Or, depuis dimanche, le Comité a publié une entente préliminaire sur des normes plus sévères qui sont accueillies très différemment selon les régions du monde.

Alors que les dirigeants de grandes banques européennes et américaines - les plus touchées par la crise de 2008 - s'inquiètent du coût de ces nouvelles normes, leurs vis-à-vis dans les banques canadiennes affichent leur satisfaction parce leurs normes de gestion de capital approchent ou dépassent même les prochaines normes internationales.

La conséquence? Les principales banques canadiennes, déjà parmi les mieux capitalisées du monde industrialisé, auront moins à se presser pour augmenter encore leurs réserves de capital au cours des prochaines années.

Et pour leurs actionnaires, ce scénario laisse prévoir une disponibilité plus importante et hâtive de capital excédentaire, ce qui pourrait ouvrir la voie à des hausses de dividendes dès les prochains trimestres.

En Bourse, les investisseurs n'ont pas tardé à signaler leur satisfaction. L'indice sectoriel des banques et services financiers a grimpé à un rythme trois fois plus élevé que celui de l'indice de marché S&P/TSX, hier, à la Bourse de Toronto.

«L'entente préliminaire de Bâle III s'avère positive pour les six principales banques au Canada, tant pour la teneur des nouvelles normes que leur calendrier d'implantation d'ici 2018», a résumé Peter Routledge, analyste à la Financière Banque Nationale, dans une note à ses clients-investisseurs.

«L'implantation des nouvelles normes de Bâle III durera encore plus longtemps que nous anticipions. Les banques canadiennes pourront facilement s'ajuster aux nouvelles normes de capitalisation d'ici là», a estimé pour sa part André-Philippe Hardy, analyste bancaire chez Marchés des capitaux RBC.

Selon l'énoncé préliminaire de Bâle III, le principal renforcement des normes touche le capital des banques dit de «première catégorie». En fait, Bâle III prévoit une définition plus restrictive de ce capital de base des banques, tout en le comparant davantage à leurs actifs pondérés selon leur niveau de risque. La future norme principale de capitalisation déduirait du capital de première catégorie des actifs considérés «intangibles», tels que la mesure comptable de l'achalandage.

Pour les six principales banques canadiennes, cela signifie que leur capital actuel de première catégorie, qui totalise 137 milliards, serait réduit à 88 milliards environ, selon une évaluation de l'analyste Peter Routledge.

Dans le cas de la Banque Nationale, la plus importante au Québec, le capital de première catégorie de 5,7 milliards serait réduit à 4,5 milliards.
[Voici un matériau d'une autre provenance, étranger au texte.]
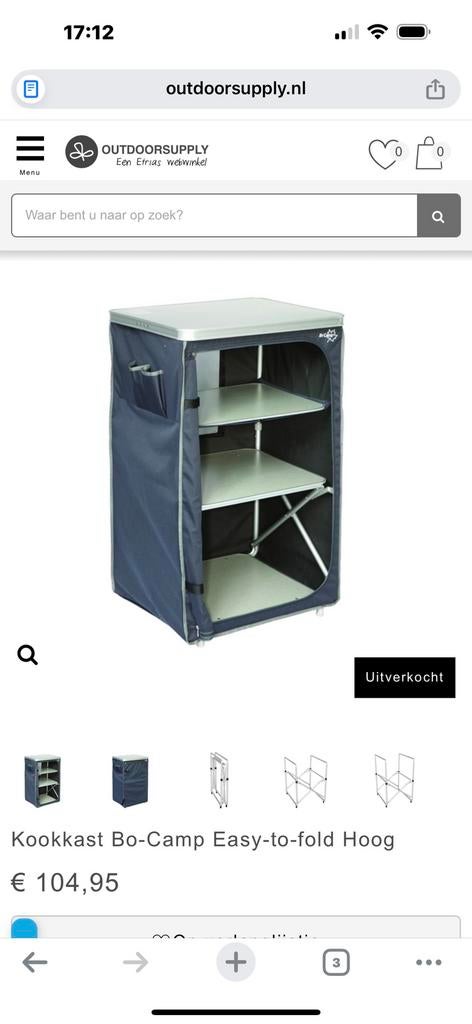 Camping kookkast bocamp, Ophalen, Zo goed als nieuw, Campingstoel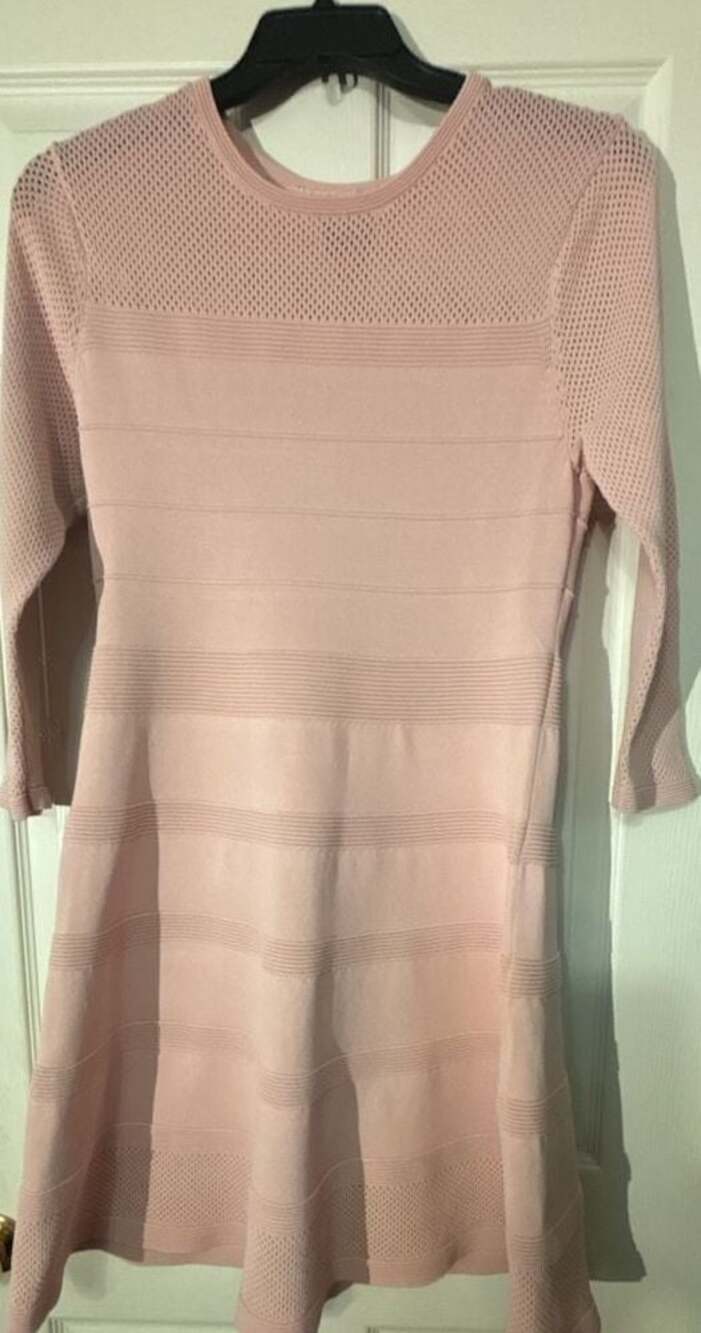 Vince Camuto Pink Pointelle Knit Fit & Flare Sweater Dress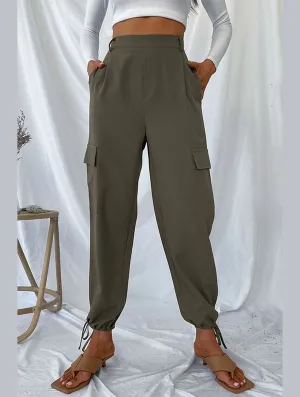 Mid Rise WOMEN DRAWSTRING ELASTIC HEM CASUAL LONG PANTS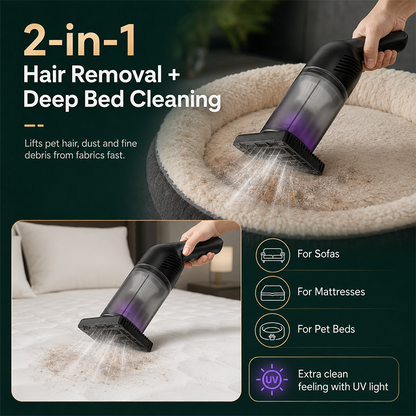 🛏️✨ 50% DI SCONTO! Senza fili, 15000PA di aspirazione e luce UV-C che elimina batteri e acari. Questo mini aspirapolvere trasforma ogni materasso, divano e sedile auto in un'oasi pulita e fresca – 45 minuti di potenza ininterrotta.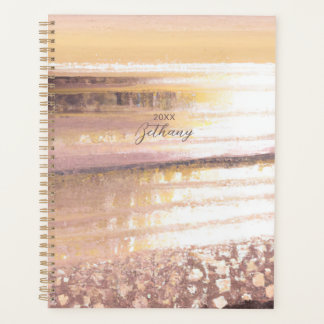 Plage Tide Golden Hour Océan Aquarelle Abstraite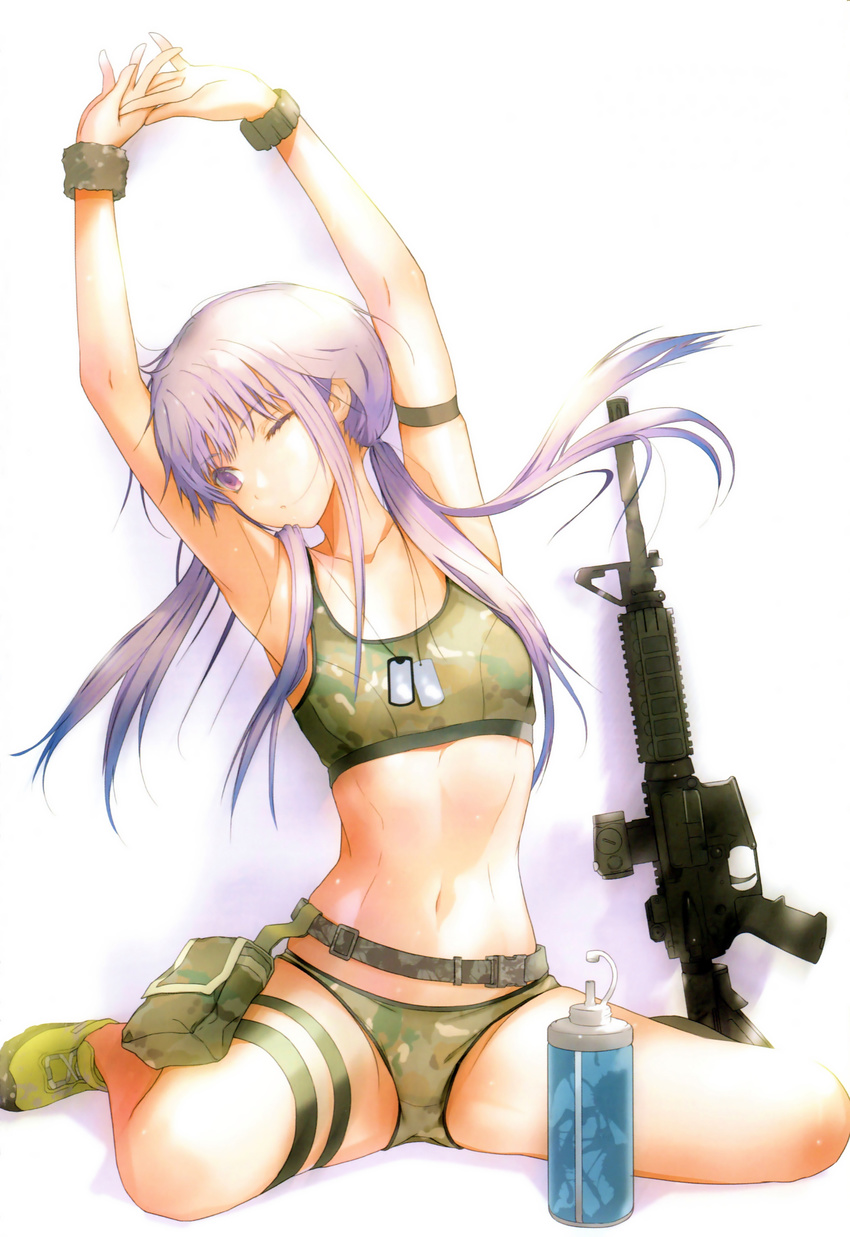 absurdres armband armpits arms_up assault_rifle bottle breasts camouflage character_request collarbone copyright_request dog_tags fuyuno_haruaki gun highres long_hair low_twintails midriff multicam_(camo) navel one_eye_closed purple_eyes purple_hair rifle scan sitting small_breasts solo sports_bra stretch thigh_strap twintails wariza water_bottle weapon wristband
En dépit de cette réduction de capital admissible, les six banques canadiennes afficheraient encore un niveau de réserve - en pourcentage des actifs financiers à risque - qui serait presque équivalent à la norme édictée par Bâle III d'ici... huit ans!

Cette future norme sera d'au moins 7% en capital tangible. Or, les principales banques canadiennes cotent déjà en moyenne à 6,6%, selon l'analyse de Peter Routledge.

La Banque de Montréal (BMO) est la plus élevée, avec 9% de capital tangible par rapport à ses actifs financiers pondérés selon le risque.

En revanche, la Banque TD affiche la cote la plus basse, à 5,4%, ce qui est déjà mieux que la moyenne des grandes banques d'Europe et des États-Unis.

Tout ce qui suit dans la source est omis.